Aloha, Amigos!

A Fabulous Book Written in Tribute to Sutro Librarian Richard H. Dillon (1924–2016), by His Son Brian Dillon

By Gary F. Kurutz.

Mt. Tamalpais from Bulkley Avenue, Sausalito, by Tom Killion, 2008. The image is featured on the front dust jacket for Brian Dillon’s important book about his father, Richard Dillon.

EDITOR’S NOTE
Gary Kurutz is the editor of the Bulletin, retired executive director of the California State Library Foundation, and retired curator of special collections for the California State Library.

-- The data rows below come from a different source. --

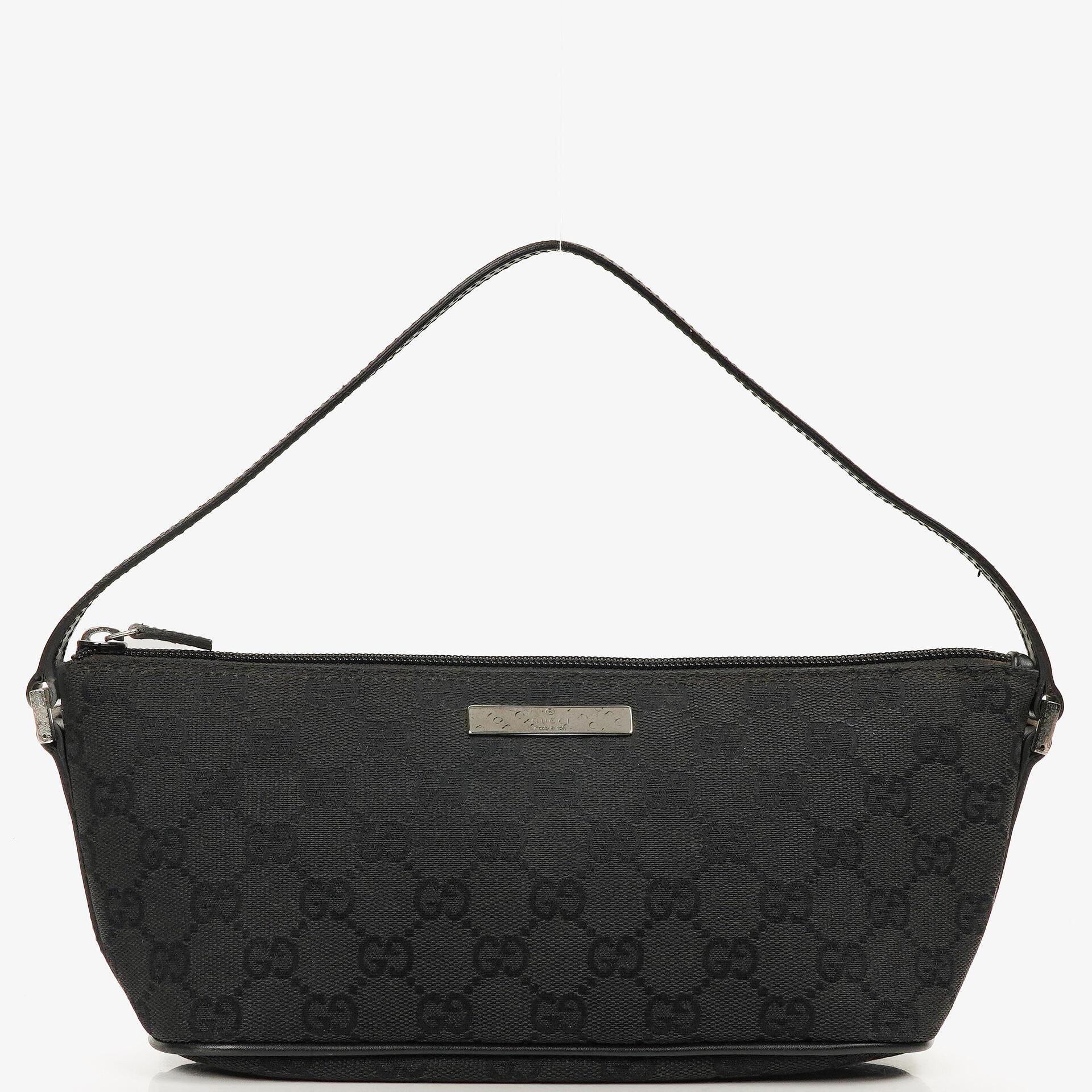 Gucci Baguette Pochette Boot Schwarz GG Monogram Tasche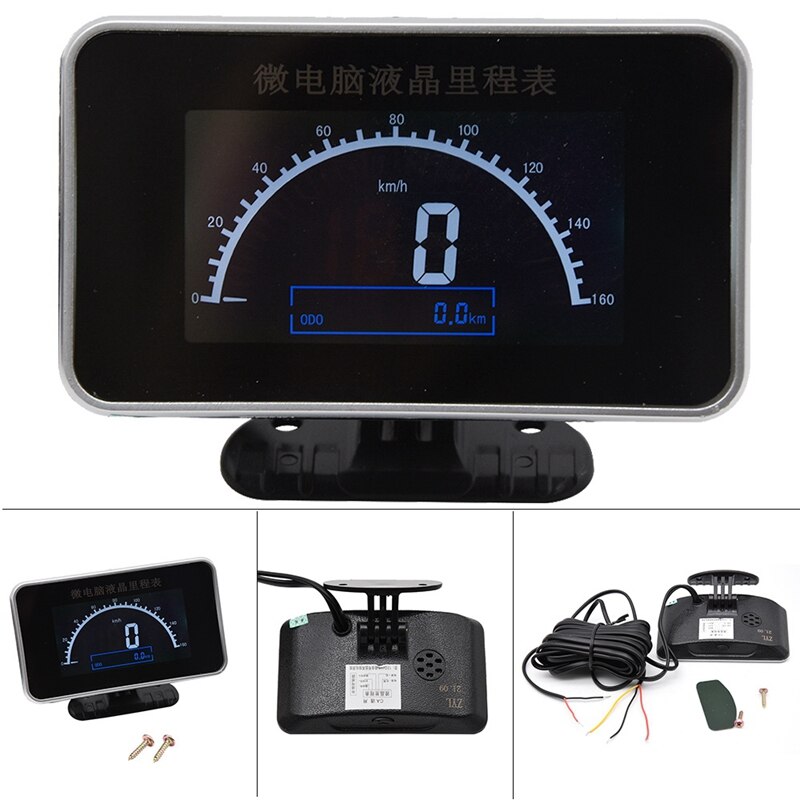 Car Truck 12V/24V 2 IN 1 Functions Digital Speedometer Speed Meter+Odometer Gauge LCD Instrument Panel+Alarm LCD Gauge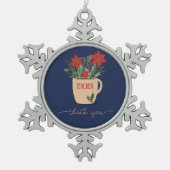 Leraar Dank je wel voor Kerstmis. Tin Sneeuwvlok Ornament (Voorkant)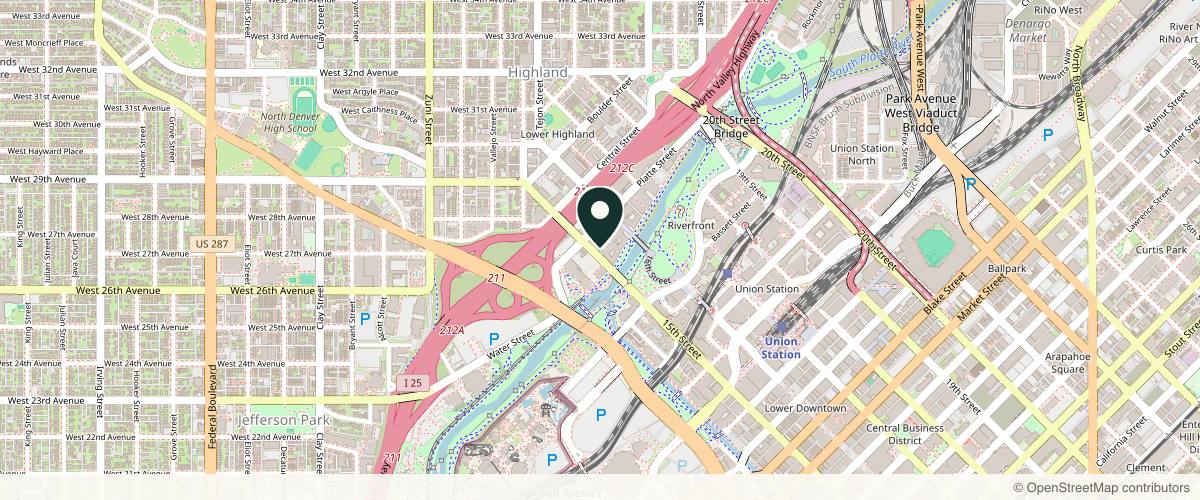 Map showing the exact location of VIVE Med Spa at 2353 15th St, Denver, CO 80202, USA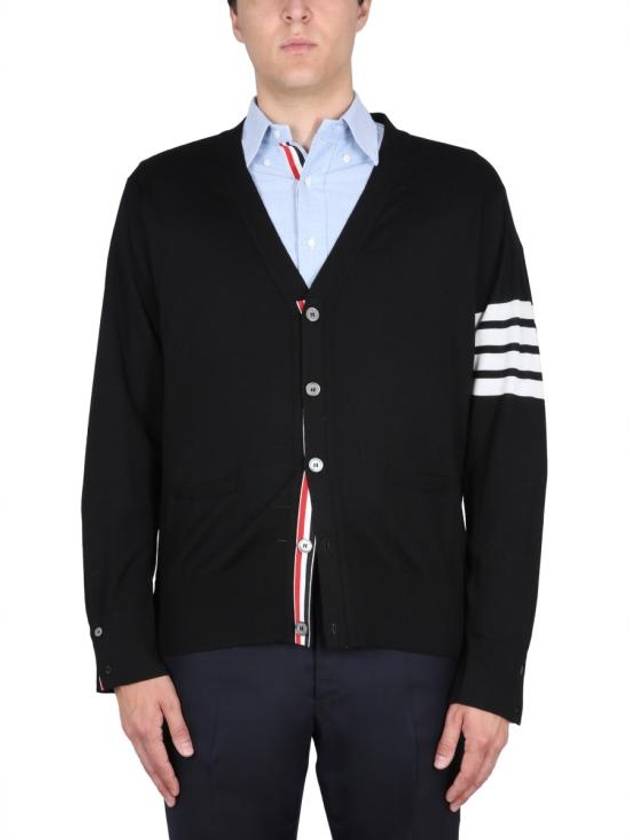 Men's Sustainable Classic Diagonal Wool Cardigan Black - THOM BROWNE - BALAAN 2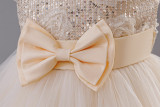 Girls' Double Layer Mesh Bow Dress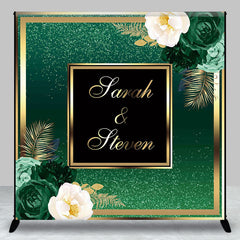 Aperturee - Modern Floral Green Gold Custom Wedding Backdrop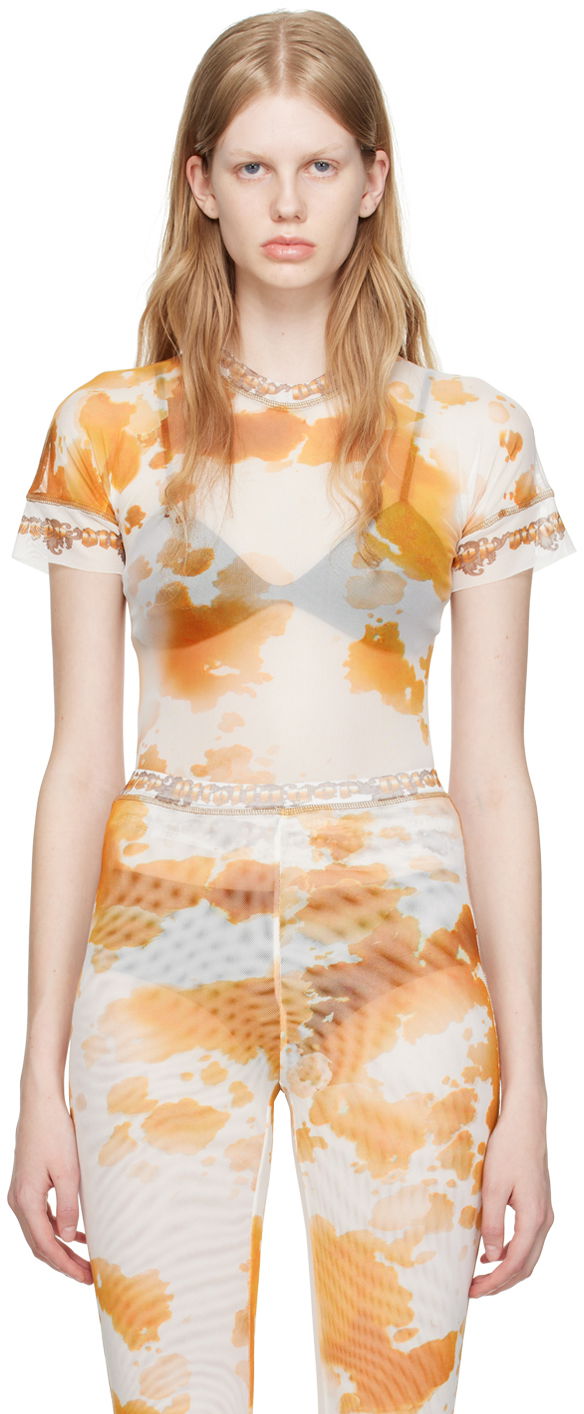 Majica kratkih rukava Ottolinger Ottolinger Exclusive Sheer T-Shirt Narančasta | 100115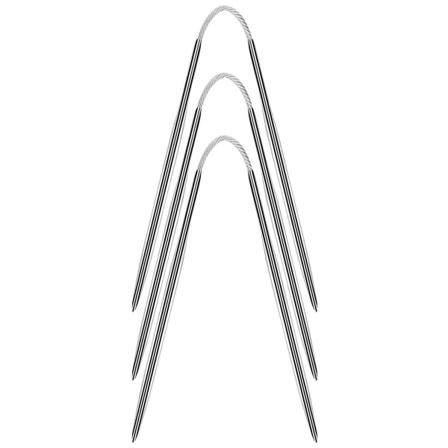 Joustavat kaksiteräiset puikot, 3 kappaleen sarja, metalliset lyhyet puikot, 21 cm kiinteät kaksiteräiset puikot 3mm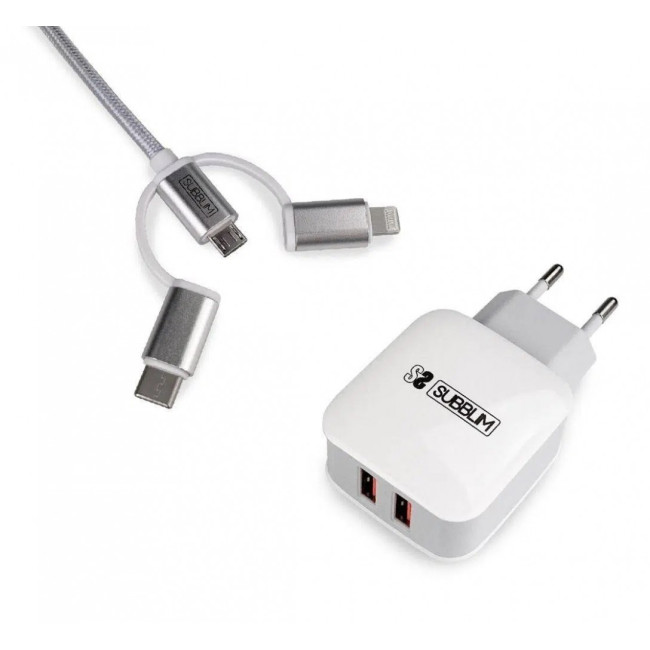 ▷ CARGADOR SUBBLIM USB VIAJE/PARED 2XUSB+CABLE 3 EN1 BLANCO | Taine - Imagen 1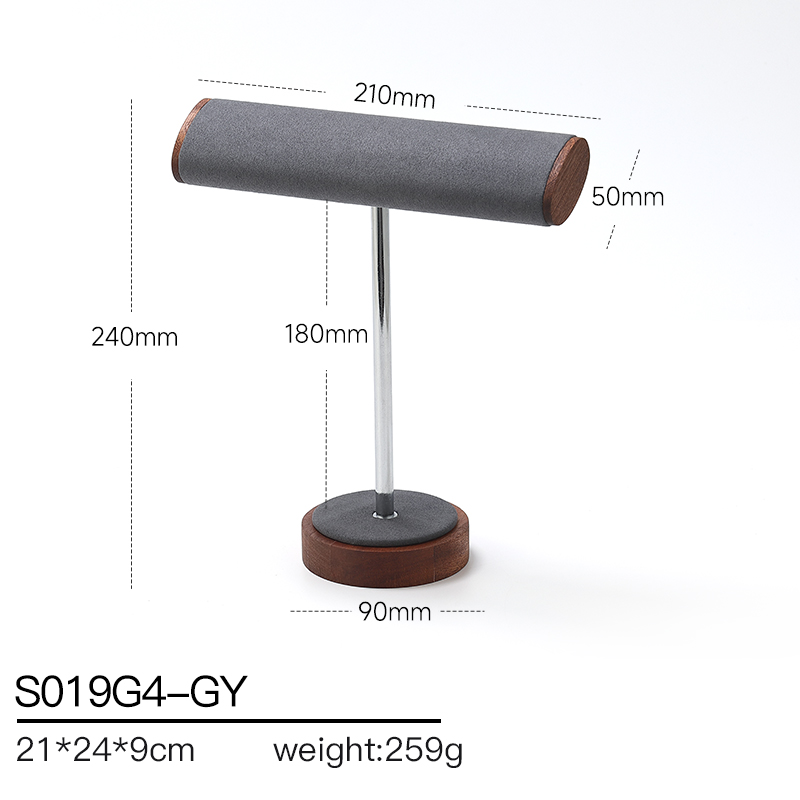 S019 Gray DIGU Handmade Luxury MIcrofiber Necklace Bracelet Jewelry Display Set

The Bulletin rarely features a new book published by another organization but, I thought our readers should be aware of Aloha, Amigos! The Richard H. Dillon Memorial Volume created and edited by his son Dr. Brian Dervin Dillon.(1) From 1950 to 1979, Dillon, hereafter “RHD,” managed the California State Library’s only branch, the Sutro Library in San Francisco. During his long tenure as Sutro Librarian, he did Herculean work in promoting and organizing this long-neglected library, relocating it from the basement of the San Francisco Public Library to a superb facility on the campus of the University of San Francisco (USF). When he started his Sutro Library job in the public library’s Civic Center facility, he quickly discovered that he was one of only two staff members! Here existed in a major public building a collection of tens of thousands of manuscripts dating from the Middle Ages, rare books from the first century of printing, and a massive genealogy and U.S. local history collection. RHD gave countless spell-binding presentations on the legacy of Adolph Sutro and his namesake library as an important research center filled with thousands of treasures ranging from a First Folio Shakespeare (1623) to the papers of Sir Joseph Banks that included, among other gems, Lieutenant William Bligh’s hand-drawn diagram of the H.M.S. Bounty (ca. 1787). As a gifted wordsmith, RHD wrote noteworthy descriptions of the Sutro Library’s holdings including the information-packed Anatomy of a Library (1957). In addition to managing this public research library, this bookman taught classes at UCLA, University of Hawaii, UC Berkeley Extension, Fromm Institute, USF, and the library science program at UC Berkeley.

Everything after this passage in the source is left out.